▸ SUPPLIED MATERIAL
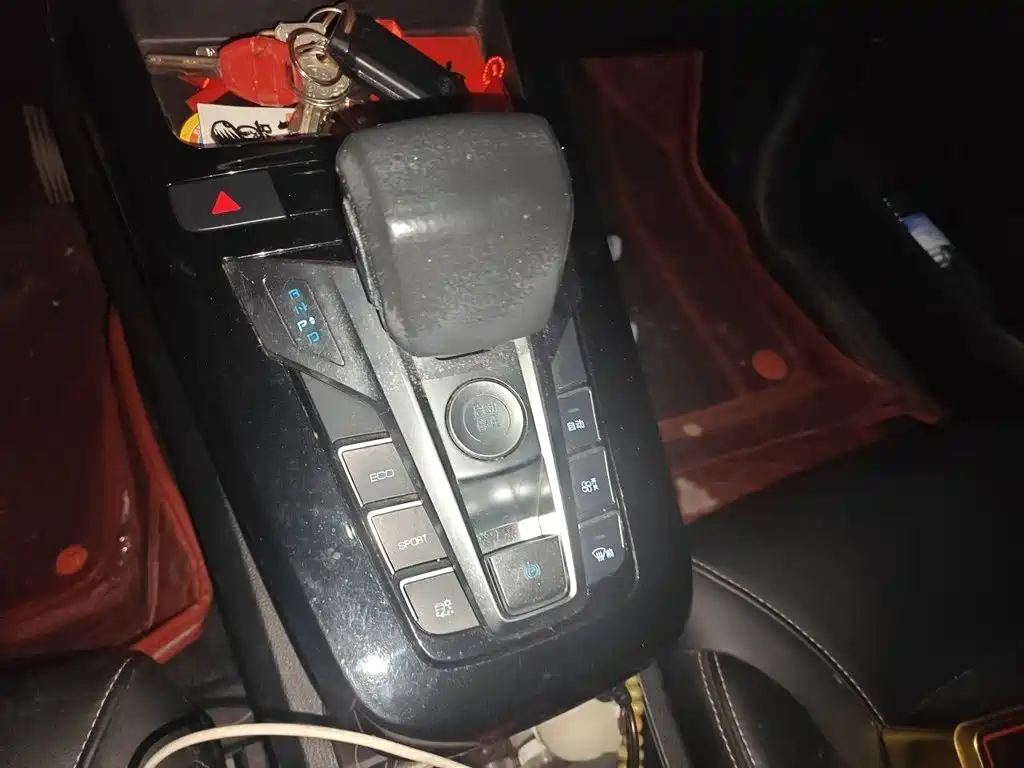 BYD Yuan EV — миниатюра 7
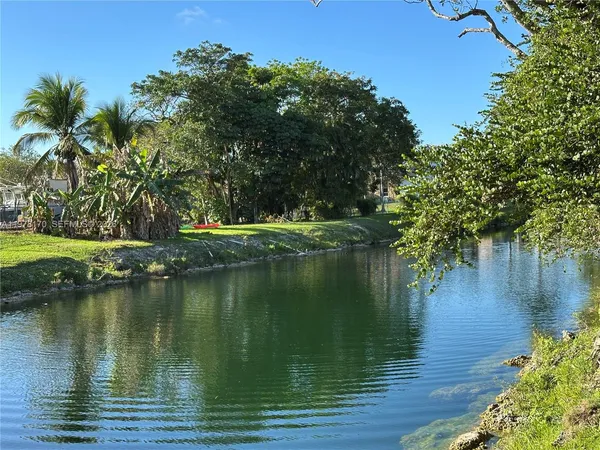 $6,900 | 17010 Southwest 77th Avenue, Palmetto Bay, FL 33157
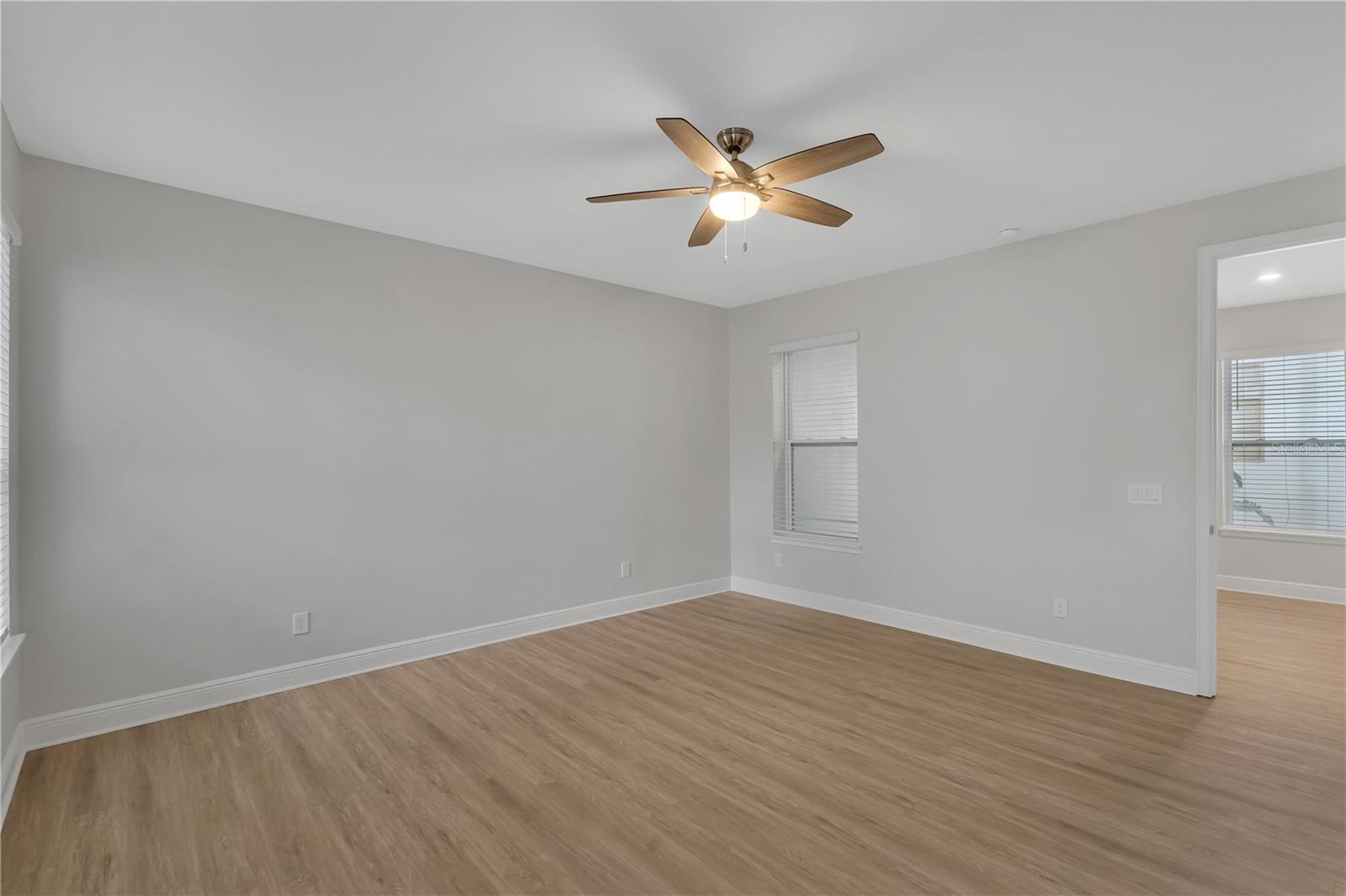 LAUREATE PARK - Residential Lease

▸ ACTIVITY
Pictures stay out. Copy exactly, and only, the lines from the one containing "Bay, FL 33157" through the end of the data.

▸ SOLVED PROBLEM
 $6,900 | 17010 Southwest 77th Avenue, Palmetto Bay, FL 33157
 LAUREATE PARK - Residential Lease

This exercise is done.